For ansible to be useful, it will require the ability to execute commands as the root user (or equivalent). This page addresses how to given a dedicated ansible user (andadm) the ability to execute commands using the system’s sudo facility. (Other elevated privilege mechanisms are available, however sudo is the default and is perfectly capable of meeting our needs.)

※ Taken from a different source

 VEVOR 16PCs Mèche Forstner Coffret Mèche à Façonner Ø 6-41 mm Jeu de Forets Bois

Ansible requires two additional items to be added to the command-line. The first, --become, tells ansible to attempt to obtain elevated privileges. The second, --ask-become-pass instructs Ansible to ask you for the password before attempting the connection. Here is a command that will install Nginx to all systems in the inventory:
[ansadm@rocky-1 ansible]$ ansible all -m dnf -a 'name=nginx state=present' --become --ask-become-pass
BECOME password: <== ansadm's password here.

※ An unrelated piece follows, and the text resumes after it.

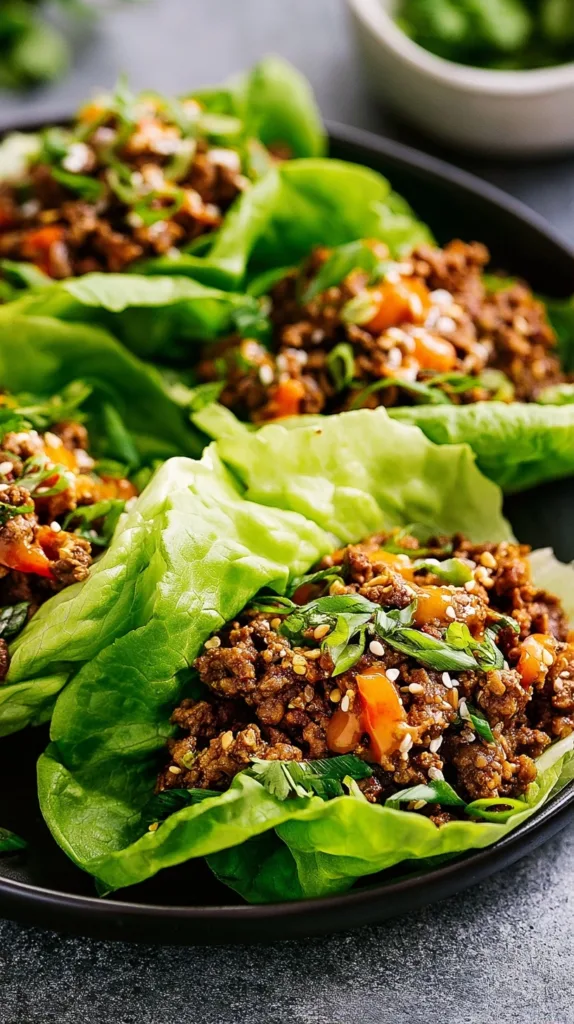 Asian-Style Ground Beef Lettuce Wraps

192.168.5.250 | CHANGED => {
"ansible_facts": {
"discovered_interpreter_python": "/usr/libexec/platform-python"
},
"changed": true,
"msg": "",
"rc": 0,
"results": [
"Installed: nginx-mod-http-perl-1:1.14.1-9.module+el8.4.0+542+81547229.x86_64",
[...]
"Installed: nginx-mod-http-xslt-filter-1:1.14.1-9.module+el8.4.0+542+81547229.x86_64"
]
}
You can also use the single-character parameters, -b to replace ‘--become’ and -K to replace ‘--ask-become-pass.’